For some, bringing up the subject of performance bonuses with your employer can be an uncomfortable situation.
However, if you don’t ask, you likely will never get one.
So, here are some steps you can follow to have a productive conversation with your boss about performance bonuses.
You’ve already taken the first step by educating yourself on the types of performance bonuses that exist and how they’re calculated.
This will help you have a better conversation with your manager and allow you to understand how your company approaches performance bonuses and why.
It’s best to ask your manager to book some time to discuss so that they don’t feel like they’re being ambushed or caught off guard.
Try to catch your manager at a good time (when they are in a good mood and not in the middle of something else), and ask if you’d be able to schedule some time to discuss how your company makes decisions around performance bonuses.
Approaching the conversation this way shows that you respect their time.
However, they might simply invite you to discuss the issue right away, so be prepared for this.
The best way to initiate this conversation is to approach it with a mindset of curiosity.
You’re not saying, “Hey, I want a bonus.” You’re saying, “I’d like to understand how this whole thing works.”
So, start by asking your manager if the company has a policy on performance bonuses:
“I’d like to know how company name approaches performance bonuses. Is there a policy or structure for that?”
It’s possible that your company doesn’t have a performance bonus structure in place. If that’s the case, then it may be a matter of negotiation.
If the answer you get to the previous question is “We don’t really have a policy for that,” then your next question should be, “Is it something we could investigate and look at putting in place?”
Assuming you get a positive response from your manager (that is, they’re interested in discussing this matter further), then you should suggest a structure for how a performance bonus might be implemented.
You should link this directly to your output and productivity as an employee, whatever that might be for your role.
For example, if you’re a food production worker, you might suggest a performance bonus structure linked to a production metric such as the number of food items produced.
This article was written for informational purposes only and should not be construed as legal, financial, tax, or any other kind of advice.

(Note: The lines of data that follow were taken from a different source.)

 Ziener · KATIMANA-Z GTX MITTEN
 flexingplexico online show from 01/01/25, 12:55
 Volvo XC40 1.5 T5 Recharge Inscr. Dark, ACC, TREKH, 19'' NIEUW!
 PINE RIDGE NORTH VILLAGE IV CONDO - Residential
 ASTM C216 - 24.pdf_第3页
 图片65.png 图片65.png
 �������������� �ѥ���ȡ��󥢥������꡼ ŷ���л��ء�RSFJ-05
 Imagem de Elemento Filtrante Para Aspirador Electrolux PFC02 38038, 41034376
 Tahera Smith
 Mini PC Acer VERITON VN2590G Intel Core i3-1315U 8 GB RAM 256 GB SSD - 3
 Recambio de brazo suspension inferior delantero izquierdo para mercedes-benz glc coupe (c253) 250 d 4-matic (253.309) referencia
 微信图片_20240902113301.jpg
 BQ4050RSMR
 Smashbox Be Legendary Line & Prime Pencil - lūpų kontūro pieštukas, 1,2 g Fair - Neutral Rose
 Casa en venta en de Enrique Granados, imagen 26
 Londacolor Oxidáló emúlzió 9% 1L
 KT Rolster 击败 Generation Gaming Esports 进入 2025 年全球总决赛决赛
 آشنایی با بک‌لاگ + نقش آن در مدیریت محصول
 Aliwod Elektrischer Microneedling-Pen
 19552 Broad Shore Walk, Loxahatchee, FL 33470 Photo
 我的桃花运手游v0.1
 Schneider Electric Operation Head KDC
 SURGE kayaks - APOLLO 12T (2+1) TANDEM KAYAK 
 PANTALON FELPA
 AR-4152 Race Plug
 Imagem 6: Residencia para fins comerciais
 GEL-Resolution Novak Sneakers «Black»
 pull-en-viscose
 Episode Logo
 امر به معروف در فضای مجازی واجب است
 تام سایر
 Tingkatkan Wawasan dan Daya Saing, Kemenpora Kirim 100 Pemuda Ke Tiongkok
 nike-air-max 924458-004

Let’s break down some frequently asked questions about performance bonuses.
Yes, performance bonuses get taxed. They are considered supplemental wages by the IRS and taxed at a rate of 22%.
Performance bonuses are generally tied to your productivity or output as an employee.
Each company has a different structure for giving performance bonuses, so you’ll need to discuss this with your manager and set out a plan for achieving the performance targets.
Refer to the above section for tips on how to ask your boss about performance bonuses.
The typical performance bonus is between 2.5%–7.5% of your annual salary, though your company has the discretion to set an amount that is appropriate to them. Amounts of 10% or 15% of your salary are pretty common too.
For example, if you have a base salary of $35,000, and your performance bonus is 7.5%, then your bonus amount would be $2,625 ($35,000 x .075).
Now that you better understand performance bonuses, including how they work, why they exist, and the different kinds of structures employers use for giving bonuses out, there’s one question left to answer:
How can you get one?
Start the conversation with your boss to explore whether performance bonuses are a possibility at your company.